WHAT IS NEEDED
From the material below, please set down exactly the lines starting with the one with "personalized name necklace" and going on through the one with "ML MONIQUE LHUILLIER", without a single picture.

PROVIDED RECORDS
──────────────────────────────

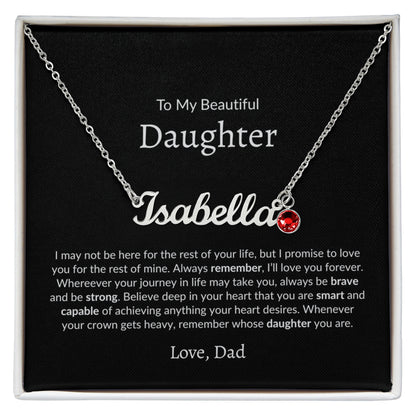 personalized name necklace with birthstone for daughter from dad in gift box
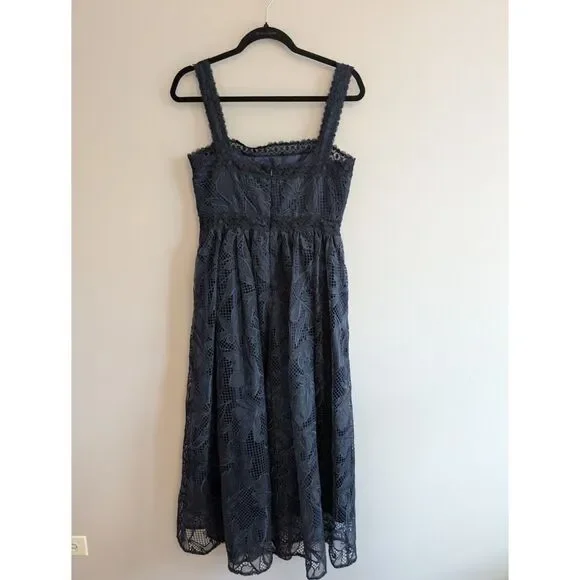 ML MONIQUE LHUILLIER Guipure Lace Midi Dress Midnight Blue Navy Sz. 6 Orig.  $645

──────────────────────────────

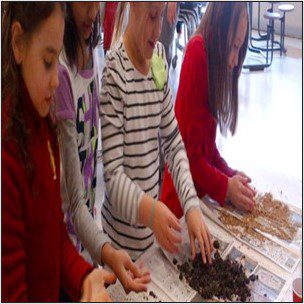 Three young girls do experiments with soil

──────────────────────────────

TASK SOLUTION
 personalized name necklace with birthstone for daughter from dad in gift box
 ML MONIQUE LHUILLIER Guipure Lace Midi Dress Midnight Blue Navy Sz. 6 Orig.  $645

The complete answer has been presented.